Summary of Storage and File Structure.

Summary

• Several types of data storage exist in most computer systems. They are classified by the speed with which they can access data, by their cost per unit of data to buy the memory, and by their reliability. Among the media avail- able are cache, main memory, flash memory, magnetic disks, optical disks, and magnetic tapes.

• Two factors determine the reliability of storage media: whether a power failure or system crash causes data to be lost, and what the likelihood is of physical failure of the storage devise.

• We can reduce the likelihood of physical failure by retaining multiple copies of data. For disks, we can use mirroring. Or we can use more sophisticated methods based on redundant arrays of independent disks (RAIDs). By striping data across disks, these methods offer high throughput rates on large accesses; by introducing redundancy across disks, they improve reliability greatly. Several different RAID organizations are possible, each with different cost, performance and reliability characteristics. RAID level 1 (mirroring) and RAID level 5 are the most commonly used.

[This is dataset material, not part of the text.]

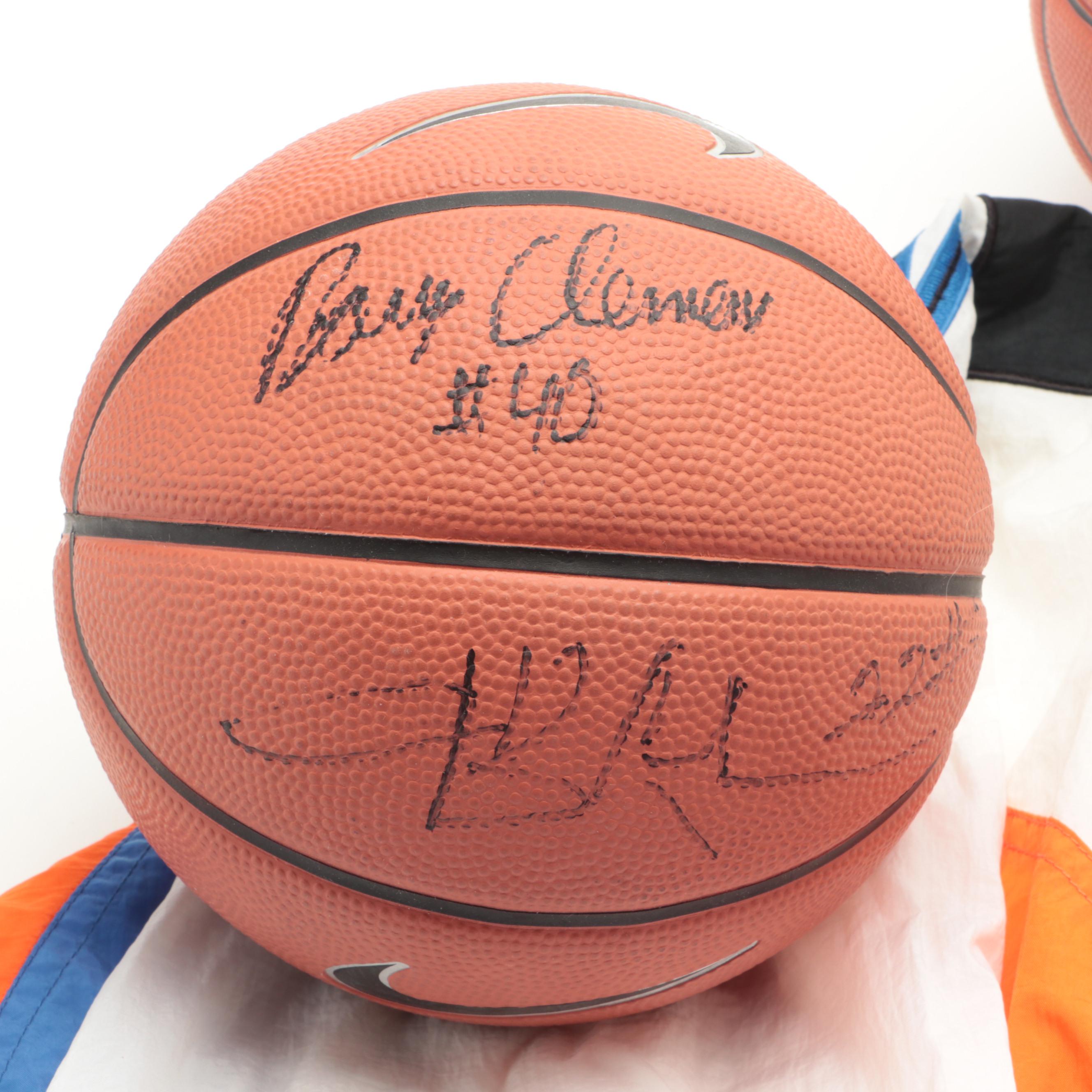 Cleveland Cavaliers Signed Mini Basketballs with Vintage NBA Starter Jacket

• We can organize a file logically as a sequence of records mapped onto disk blocks. One approach to mapping the database to files is to use several files, and to store records of only one fixed length in any given file. An alternative is to structure files so that they can accommodate multiple lengths for records. There are different techniques for implementing variable-length records, including the slotted-page method, the pointer method, and the reserved-space method.

• Since data are transferred between disk storage and main memory in units of a block, it is worthwhile to assign file records to blocks in such a way that a single block contains related records. If we can access several of the records we want with only one block access, we save disk accesses. Since disk accesses are usually the bottleneck in the performance of a database system, careful assignment of records to blocks can pay significant performance dividends.

• One way to reduce the number of disk accesses is to keep as many blocks as possible in main memory. Since it is not possible to keep all blocks in main memory, we need to manage the allocation of the space available in main memory for the storage of blocks. The buffer is that part of main memory available for storage of copies of disk blocks. The subsystem responsible for the allocation of buffer space is called the buffer manager.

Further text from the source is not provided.